## [Dataset excerpt]

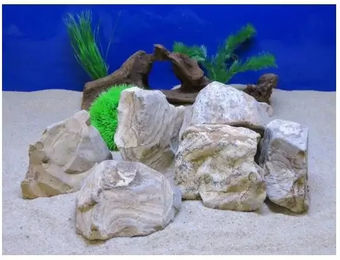 Produktbild von Variegierte Aragonitsteine Aquavie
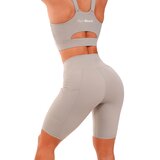 GymBeam ženski biciklistički šorc Grey | Eponuda.com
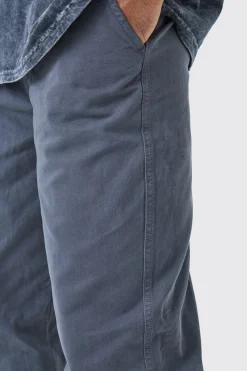 Tall Relaxed Chino Trouser | BoohooMAN UK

## [Activity]
Skip the pictures and copy exactly the lines from the one containing "GymBeam ženski biciklistički" through the end of the material, both ends included.

## [Output for this exercise]
 GymBeam ženski biciklistički šorc Grey | Eponuda.com
 Tall Relaxed Chino Trouser | BoohooMAN UK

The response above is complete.